(Captioned web images)
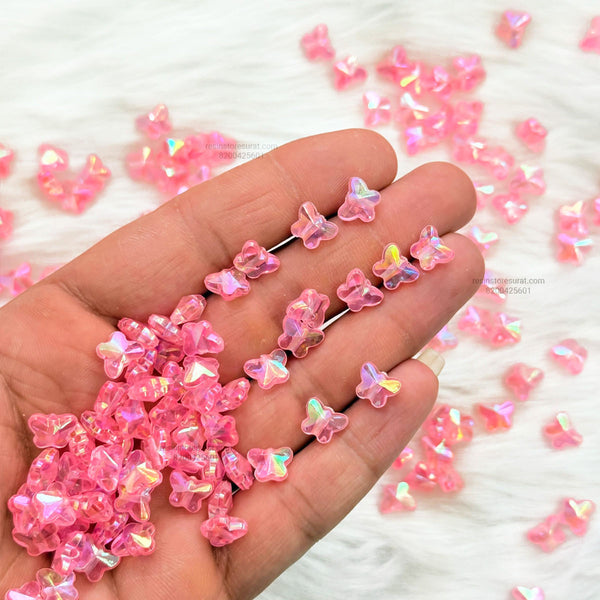 Light Pink Reflective Butterfly Rakhi Beads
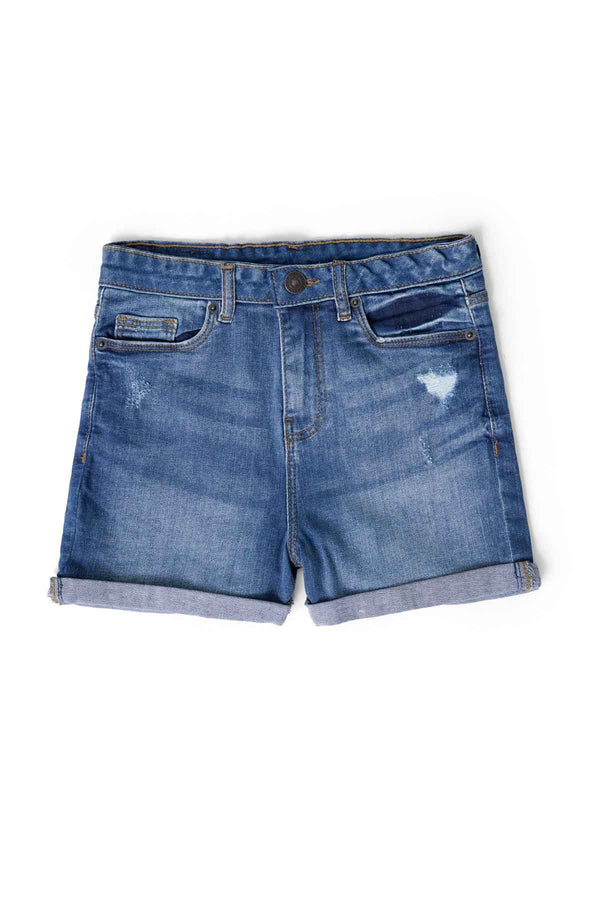 elo PO Girl's Folded Bottom Distressed Denim Shorts Blue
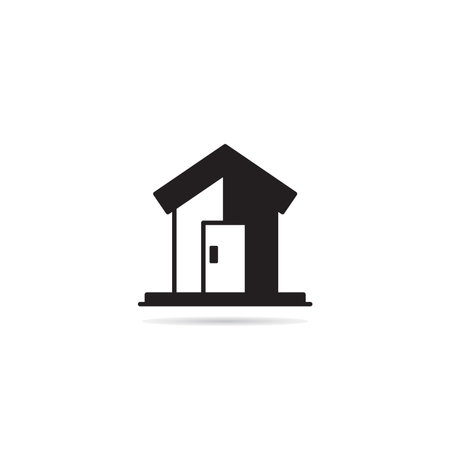 house building icon on white backgroundのイラスト素材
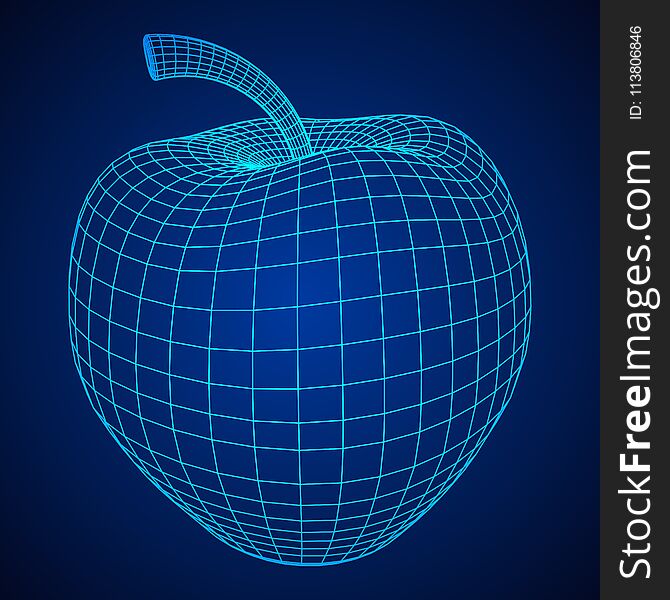 Apple wireframe low poly mesh vector illustration. Apple wireframe low poly mesh vector illustration.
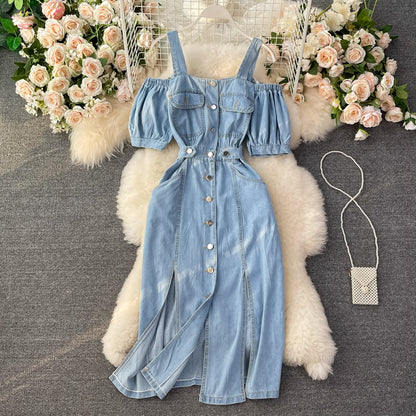 Robe à bretelles mi-longue polyvalente et slim pour femme 2982
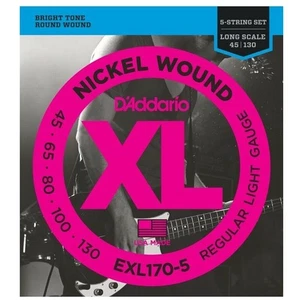 D'Addario EXL170-5 Nickel Wound Long Scale Light 5-String Bass Strings  45 - 130 - Picture 1 of 1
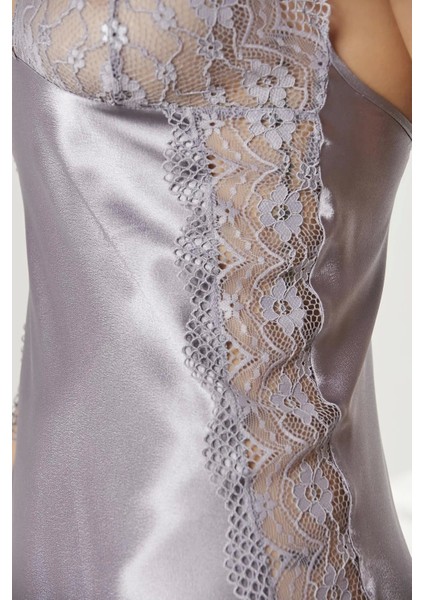 Saten Dantelli Gecelik ve Sabahlık Takımı - 4438 Royal indirimleri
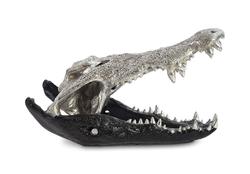 Crocodile Skull, Black/Silver Leaf by PHILLIPS COLLECTION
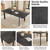 Dining Table Set for 6, Dark Grey Table+6 Black Chairs | 63 to 78.7 Inch MDF Kitchen Table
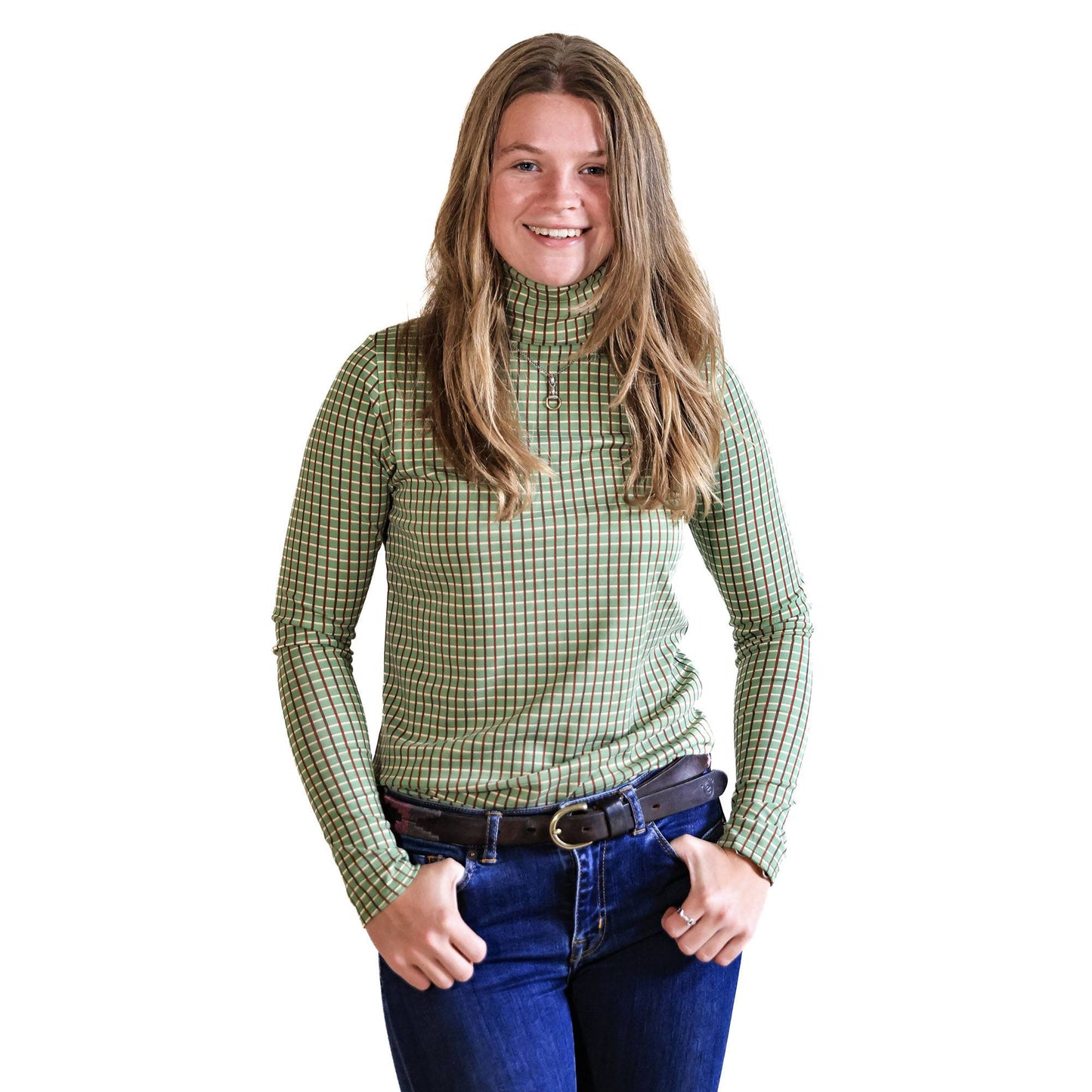 Cosy Check Roll Neck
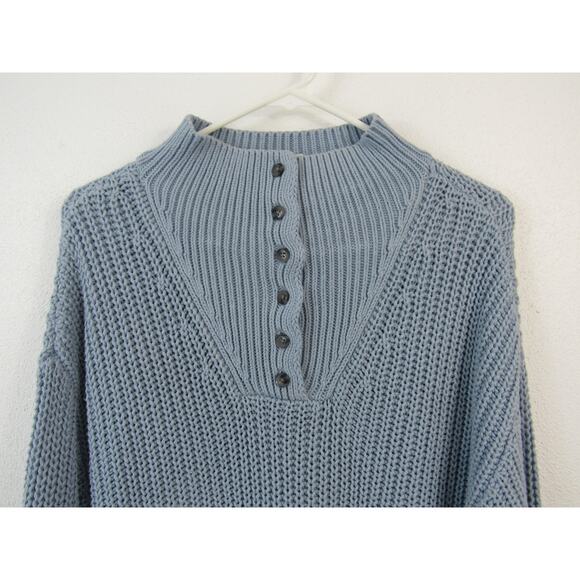 Haven Well Within Small Light Blue Open Knit Fisherman Sweater Cotton Blend - Picture 3 of 6
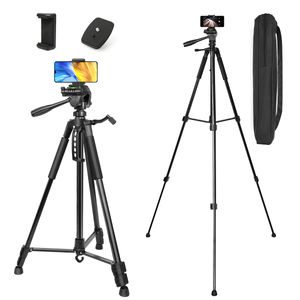 Mulisoft  Kamera Stativ 168cm für Canon Nikon Aluminium Smartphone Stativ Tragfähigkeit 4KG mit Handyhalterung und Tragetasche, Schwarz
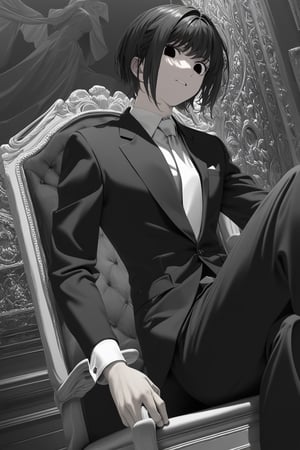 ((masterpiece, best quality, rating: general, newest)), illustration, vibrant, 1boy, solo, black hair, short hair, bowl_haircut, sharp eyes, black eyes, looking at viewer, sit on the chair, indoors, black jacket, black shirt, white necktie, black gloves, dynamic angle, godly perspective, intricate, exquisite, beautiful background, clean art, highly aesthetic, high contrast, high saturation, 4k, high resolution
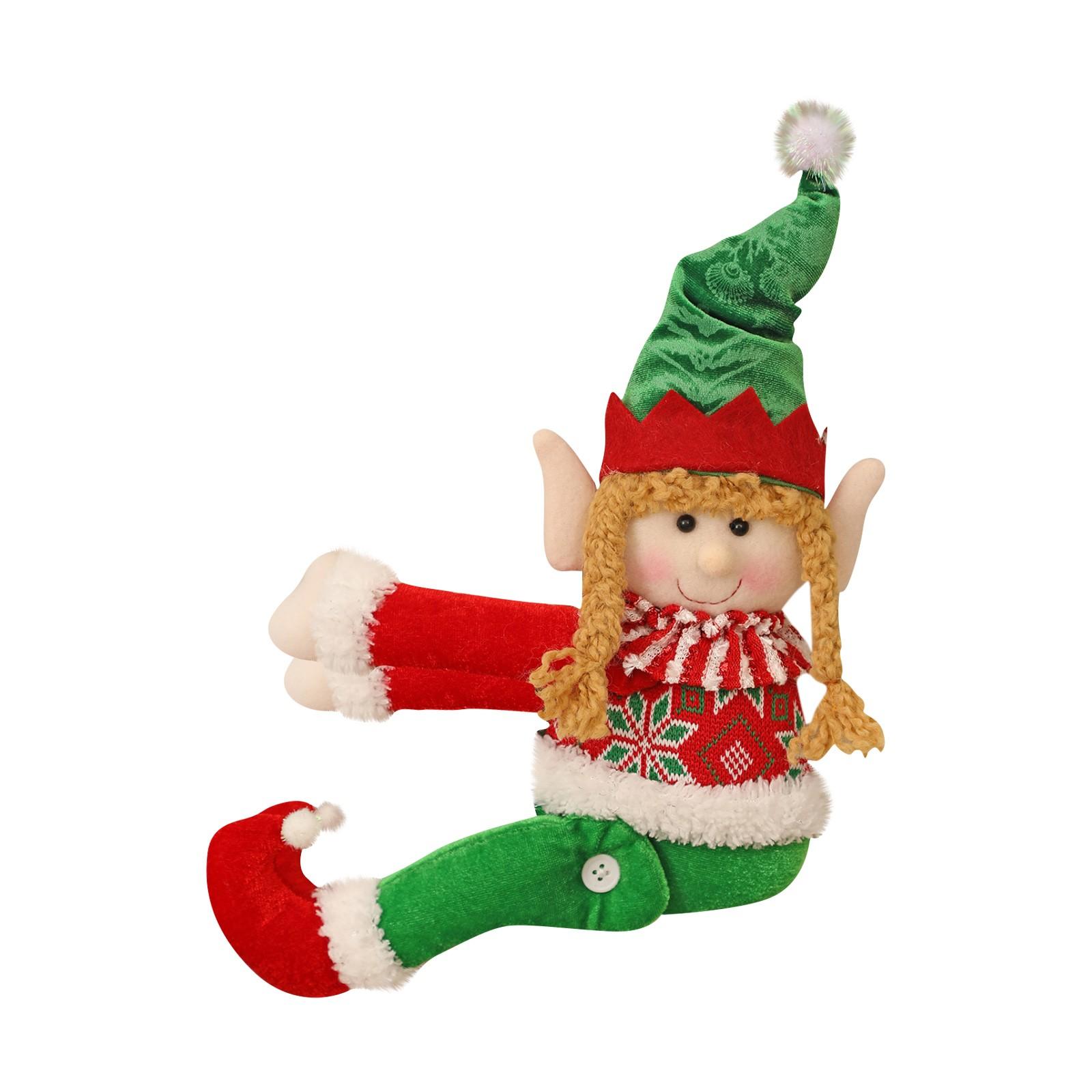 

Рождественская пряжка для занавески, красная и зеленая, кукольный дом, мультяшная занавеска, объятия, креативное украшение для занавески One Size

_TASK STATEMENT_: Would you please repeat all the data word for word, but without the pictures?

_ANSWER SECTION_:
 Light Pink Reflective Butterfly Rakhi Beads
 elo PO Girl's Folded Bottom Distressed Denim Shorts Blue
 house building icon on white backgroundのイラスト素材
 Apple wireframe low poly mesh vector illustration. Apple wireframe low poly mesh vector illustration.
 Robe à bretelles mi-longue polyvalente et slim pour femme 2982
 D'Addario EXL170-5 Nickel Wound Long Scale Light 5-String Bass Strings  45 - 130 - Picture 1 of 1
 Saten Dantelli Gecelik ve Sabahlık Takımı - 4438 Royal indirimleri
 Crocodile Skull, Black/Silver Leaf by PHILLIPS COLLECTION
 Dining Table Set for 6, Dark Grey Table+6 Black Chairs | 63 to 78.7 Inch MDF Kitchen Table
 Cosy Check Roll Neck
 Haven Well Within Small Light Blue Open Knit Fisherman Sweater Cotton Blend - Picture 3 of 6
 Mulisoft  Kamera Stativ 168cm für Canon Nikon Aluminium Smartphone Stativ Tragfähigkeit 4KG mit Handyhalterung und Tragetasche, Schwarz
 ((masterpiece, best quality, rating: general, newest)), illustration, vibrant, 1boy, solo, black hair, short hair, bowl_haircut, sharp eyes, black eyes, looking at viewer, sit on the chair, indoors, black jacket, black shirt, white necktie, black gloves, dynamic angle, godly perspective, intricate, exquisite, beautiful background, clean art, highly aesthetic, high contrast, high saturation, 4k, high resolution

Рождественская пряжка для занавески, красная и зеленая, кукольный дом, мультяшная занавеска, объятия, креативное украшение для занавески One Size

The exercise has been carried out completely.